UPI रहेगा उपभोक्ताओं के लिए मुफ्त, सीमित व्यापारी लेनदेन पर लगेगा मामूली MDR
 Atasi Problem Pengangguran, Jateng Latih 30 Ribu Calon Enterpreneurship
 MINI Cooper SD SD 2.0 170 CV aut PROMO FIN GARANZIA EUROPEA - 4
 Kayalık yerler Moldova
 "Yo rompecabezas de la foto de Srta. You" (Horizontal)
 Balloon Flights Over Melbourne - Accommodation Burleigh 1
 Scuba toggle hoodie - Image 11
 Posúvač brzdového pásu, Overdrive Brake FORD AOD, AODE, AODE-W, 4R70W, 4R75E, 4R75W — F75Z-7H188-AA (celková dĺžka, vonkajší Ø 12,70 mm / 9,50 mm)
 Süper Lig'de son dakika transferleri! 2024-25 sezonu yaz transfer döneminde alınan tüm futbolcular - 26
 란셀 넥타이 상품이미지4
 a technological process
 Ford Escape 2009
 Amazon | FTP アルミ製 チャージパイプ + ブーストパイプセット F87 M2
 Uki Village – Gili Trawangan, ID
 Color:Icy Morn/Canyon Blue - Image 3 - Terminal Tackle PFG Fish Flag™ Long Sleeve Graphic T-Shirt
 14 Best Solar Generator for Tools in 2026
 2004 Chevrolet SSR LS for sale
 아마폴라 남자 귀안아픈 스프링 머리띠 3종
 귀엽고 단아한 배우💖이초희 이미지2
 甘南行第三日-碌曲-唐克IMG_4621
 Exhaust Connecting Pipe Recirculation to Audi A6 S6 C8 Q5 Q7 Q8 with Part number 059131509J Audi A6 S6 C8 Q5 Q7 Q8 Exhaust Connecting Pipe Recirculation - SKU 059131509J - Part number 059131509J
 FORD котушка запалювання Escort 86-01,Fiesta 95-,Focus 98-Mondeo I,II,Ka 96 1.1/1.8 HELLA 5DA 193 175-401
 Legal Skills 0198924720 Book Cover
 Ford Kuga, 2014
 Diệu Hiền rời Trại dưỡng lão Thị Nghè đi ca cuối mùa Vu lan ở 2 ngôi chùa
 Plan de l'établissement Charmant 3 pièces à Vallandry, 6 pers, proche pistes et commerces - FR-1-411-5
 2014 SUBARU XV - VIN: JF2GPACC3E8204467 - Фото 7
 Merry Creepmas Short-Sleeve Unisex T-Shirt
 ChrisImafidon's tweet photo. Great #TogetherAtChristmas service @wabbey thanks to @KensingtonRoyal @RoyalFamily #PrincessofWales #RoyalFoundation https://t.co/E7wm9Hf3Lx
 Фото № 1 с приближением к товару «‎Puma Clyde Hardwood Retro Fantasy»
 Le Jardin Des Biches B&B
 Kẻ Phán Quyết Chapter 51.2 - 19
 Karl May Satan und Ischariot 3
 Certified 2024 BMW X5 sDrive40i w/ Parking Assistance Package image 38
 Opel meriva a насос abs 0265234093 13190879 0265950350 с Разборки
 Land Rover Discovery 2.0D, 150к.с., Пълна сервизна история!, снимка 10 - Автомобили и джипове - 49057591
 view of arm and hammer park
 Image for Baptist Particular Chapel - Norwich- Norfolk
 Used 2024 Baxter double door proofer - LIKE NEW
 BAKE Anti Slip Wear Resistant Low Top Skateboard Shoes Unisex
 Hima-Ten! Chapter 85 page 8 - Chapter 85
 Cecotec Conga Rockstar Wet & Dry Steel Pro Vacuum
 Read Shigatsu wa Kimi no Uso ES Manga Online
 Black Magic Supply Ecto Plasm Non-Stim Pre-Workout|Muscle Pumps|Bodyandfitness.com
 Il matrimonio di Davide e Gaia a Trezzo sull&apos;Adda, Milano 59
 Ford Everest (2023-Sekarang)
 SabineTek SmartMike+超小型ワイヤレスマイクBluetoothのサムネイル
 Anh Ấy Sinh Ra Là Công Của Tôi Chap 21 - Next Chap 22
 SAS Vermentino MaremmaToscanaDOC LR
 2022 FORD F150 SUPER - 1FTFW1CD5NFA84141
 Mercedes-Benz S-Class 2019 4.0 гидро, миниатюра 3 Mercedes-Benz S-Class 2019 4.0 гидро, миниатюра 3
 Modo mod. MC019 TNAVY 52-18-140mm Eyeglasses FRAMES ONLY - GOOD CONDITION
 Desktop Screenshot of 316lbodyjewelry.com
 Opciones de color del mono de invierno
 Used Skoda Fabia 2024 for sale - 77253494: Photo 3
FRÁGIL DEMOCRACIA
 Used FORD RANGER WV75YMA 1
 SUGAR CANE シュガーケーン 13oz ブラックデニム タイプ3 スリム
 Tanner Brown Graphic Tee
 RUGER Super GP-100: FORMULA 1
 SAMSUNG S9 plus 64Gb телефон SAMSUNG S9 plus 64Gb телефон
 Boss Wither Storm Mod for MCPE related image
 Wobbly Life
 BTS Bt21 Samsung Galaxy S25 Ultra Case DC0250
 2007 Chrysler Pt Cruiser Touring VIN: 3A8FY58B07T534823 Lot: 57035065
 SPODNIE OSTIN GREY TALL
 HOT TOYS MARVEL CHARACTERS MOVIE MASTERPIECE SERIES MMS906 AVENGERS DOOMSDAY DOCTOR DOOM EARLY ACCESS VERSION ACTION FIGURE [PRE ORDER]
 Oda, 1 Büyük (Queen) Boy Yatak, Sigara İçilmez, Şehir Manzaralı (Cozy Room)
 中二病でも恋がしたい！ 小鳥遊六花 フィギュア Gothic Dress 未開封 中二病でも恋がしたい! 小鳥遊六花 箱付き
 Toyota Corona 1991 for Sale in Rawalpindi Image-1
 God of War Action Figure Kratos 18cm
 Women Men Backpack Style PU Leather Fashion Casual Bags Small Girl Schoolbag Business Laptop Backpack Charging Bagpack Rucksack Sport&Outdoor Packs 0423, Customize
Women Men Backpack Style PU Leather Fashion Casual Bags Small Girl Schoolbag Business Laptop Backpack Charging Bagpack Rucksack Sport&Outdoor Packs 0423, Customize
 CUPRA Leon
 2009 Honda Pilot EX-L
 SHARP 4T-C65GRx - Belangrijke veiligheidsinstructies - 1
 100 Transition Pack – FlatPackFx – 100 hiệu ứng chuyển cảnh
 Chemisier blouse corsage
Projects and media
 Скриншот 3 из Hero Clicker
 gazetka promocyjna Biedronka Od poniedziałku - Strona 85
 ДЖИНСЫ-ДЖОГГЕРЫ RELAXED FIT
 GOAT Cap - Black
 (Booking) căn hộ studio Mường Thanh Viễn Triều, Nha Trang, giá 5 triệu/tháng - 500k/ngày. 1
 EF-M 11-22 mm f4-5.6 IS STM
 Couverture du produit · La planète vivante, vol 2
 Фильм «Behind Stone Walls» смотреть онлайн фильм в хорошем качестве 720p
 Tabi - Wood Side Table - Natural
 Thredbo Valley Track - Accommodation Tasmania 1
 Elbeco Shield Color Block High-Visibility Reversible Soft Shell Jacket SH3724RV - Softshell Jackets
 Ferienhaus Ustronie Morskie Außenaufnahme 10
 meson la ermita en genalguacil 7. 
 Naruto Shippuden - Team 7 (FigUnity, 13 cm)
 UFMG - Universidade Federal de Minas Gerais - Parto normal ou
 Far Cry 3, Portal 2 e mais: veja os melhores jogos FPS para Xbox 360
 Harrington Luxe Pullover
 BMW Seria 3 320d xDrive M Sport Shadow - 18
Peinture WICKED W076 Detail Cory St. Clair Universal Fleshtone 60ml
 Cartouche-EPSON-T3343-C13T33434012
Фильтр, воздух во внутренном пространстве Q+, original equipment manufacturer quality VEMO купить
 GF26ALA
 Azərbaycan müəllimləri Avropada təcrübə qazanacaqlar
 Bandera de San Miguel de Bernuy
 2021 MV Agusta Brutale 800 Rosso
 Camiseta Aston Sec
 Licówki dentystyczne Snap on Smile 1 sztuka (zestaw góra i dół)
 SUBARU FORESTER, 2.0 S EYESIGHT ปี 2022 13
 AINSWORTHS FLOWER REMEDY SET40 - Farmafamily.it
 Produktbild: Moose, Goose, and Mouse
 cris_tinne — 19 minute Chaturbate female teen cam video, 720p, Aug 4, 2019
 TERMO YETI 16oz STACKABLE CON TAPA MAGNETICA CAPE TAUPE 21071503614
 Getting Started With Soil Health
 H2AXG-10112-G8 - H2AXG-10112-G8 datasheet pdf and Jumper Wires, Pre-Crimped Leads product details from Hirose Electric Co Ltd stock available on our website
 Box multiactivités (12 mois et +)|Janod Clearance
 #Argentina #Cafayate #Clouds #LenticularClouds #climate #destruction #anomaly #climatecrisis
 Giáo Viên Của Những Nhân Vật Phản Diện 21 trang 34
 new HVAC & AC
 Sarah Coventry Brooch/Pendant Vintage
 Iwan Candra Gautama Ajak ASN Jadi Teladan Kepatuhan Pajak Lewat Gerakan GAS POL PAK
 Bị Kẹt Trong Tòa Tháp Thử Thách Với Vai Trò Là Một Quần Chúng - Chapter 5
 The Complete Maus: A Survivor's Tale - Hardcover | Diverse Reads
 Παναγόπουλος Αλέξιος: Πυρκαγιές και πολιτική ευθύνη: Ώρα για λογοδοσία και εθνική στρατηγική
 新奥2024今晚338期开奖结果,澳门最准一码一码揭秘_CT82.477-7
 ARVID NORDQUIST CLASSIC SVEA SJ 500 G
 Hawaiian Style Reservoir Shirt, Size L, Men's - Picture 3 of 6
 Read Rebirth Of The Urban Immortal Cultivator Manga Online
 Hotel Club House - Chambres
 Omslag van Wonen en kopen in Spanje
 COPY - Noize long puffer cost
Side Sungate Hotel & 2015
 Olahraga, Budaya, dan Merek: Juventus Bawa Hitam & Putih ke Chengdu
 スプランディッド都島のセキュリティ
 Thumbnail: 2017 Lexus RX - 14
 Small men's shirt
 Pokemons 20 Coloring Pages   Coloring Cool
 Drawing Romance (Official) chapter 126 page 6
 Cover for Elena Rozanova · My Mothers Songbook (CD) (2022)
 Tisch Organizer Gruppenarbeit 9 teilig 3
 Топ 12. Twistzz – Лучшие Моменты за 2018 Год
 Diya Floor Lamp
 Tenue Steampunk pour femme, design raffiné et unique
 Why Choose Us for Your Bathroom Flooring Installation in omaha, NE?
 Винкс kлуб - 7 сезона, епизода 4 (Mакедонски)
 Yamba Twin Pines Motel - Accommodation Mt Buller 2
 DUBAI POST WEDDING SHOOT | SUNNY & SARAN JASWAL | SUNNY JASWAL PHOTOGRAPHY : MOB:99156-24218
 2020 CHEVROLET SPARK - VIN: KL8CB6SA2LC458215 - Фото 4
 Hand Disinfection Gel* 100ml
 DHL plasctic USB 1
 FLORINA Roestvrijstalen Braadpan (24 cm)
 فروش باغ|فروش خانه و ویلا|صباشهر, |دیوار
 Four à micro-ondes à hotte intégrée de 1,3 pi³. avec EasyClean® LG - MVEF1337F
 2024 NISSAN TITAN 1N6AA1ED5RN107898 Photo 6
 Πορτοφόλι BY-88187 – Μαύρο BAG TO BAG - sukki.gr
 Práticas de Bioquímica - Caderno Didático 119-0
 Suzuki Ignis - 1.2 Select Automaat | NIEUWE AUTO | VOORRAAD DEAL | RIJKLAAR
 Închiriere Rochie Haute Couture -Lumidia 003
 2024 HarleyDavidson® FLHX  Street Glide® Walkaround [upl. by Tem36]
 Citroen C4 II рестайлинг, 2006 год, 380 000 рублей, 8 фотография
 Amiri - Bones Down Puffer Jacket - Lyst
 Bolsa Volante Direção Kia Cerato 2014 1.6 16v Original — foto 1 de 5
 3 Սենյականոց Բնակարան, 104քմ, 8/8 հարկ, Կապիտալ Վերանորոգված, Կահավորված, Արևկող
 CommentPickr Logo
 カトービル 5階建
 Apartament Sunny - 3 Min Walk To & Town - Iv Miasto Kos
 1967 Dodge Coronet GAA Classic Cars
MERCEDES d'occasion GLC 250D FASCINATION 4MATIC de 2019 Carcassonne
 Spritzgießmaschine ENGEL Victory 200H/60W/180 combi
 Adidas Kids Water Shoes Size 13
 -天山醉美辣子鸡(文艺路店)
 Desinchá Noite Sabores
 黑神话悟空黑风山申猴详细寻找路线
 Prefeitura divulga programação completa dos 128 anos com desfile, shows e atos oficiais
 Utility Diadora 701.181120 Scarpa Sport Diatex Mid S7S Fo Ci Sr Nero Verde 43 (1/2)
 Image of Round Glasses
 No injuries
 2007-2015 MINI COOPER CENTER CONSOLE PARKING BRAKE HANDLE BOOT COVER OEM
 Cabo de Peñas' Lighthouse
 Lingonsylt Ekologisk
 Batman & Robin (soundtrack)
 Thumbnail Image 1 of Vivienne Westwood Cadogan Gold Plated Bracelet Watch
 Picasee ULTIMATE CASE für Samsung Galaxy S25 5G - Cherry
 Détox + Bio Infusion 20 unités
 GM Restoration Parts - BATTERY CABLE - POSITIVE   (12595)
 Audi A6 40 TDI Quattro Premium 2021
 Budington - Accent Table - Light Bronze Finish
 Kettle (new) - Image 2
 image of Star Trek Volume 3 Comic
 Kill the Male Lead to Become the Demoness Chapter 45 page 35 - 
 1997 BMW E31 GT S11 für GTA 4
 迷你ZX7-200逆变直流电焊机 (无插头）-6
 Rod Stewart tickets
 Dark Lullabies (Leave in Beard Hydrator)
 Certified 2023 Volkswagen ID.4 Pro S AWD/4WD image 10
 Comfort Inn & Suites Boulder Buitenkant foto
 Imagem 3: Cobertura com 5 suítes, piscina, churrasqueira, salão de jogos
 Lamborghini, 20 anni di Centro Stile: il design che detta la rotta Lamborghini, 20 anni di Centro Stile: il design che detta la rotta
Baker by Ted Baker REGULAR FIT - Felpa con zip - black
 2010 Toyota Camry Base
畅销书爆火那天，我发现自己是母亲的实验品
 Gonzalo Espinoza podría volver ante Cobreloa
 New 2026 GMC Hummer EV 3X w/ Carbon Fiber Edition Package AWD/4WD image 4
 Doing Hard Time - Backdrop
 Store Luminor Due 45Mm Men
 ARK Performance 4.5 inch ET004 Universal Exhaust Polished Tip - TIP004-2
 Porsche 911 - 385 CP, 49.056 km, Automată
....................
[Task brief]
Whenever the word "Backpack" shows up in a line of the entries, list that line.

[Task answer]
 Women Men Backpack Style PU Leather Fashion Casual Bags Small Girl Schoolbag Business Laptop Backpack Charging Bagpack Rucksack Sport&Outdoor Packs 0423, Customize
Women Men Backpack Style PU Leather Fashion Casual Bags Small Girl Schoolbag Business Laptop Backpack Charging Bagpack Rucksack Sport&Outdoor Packs 0423, Customize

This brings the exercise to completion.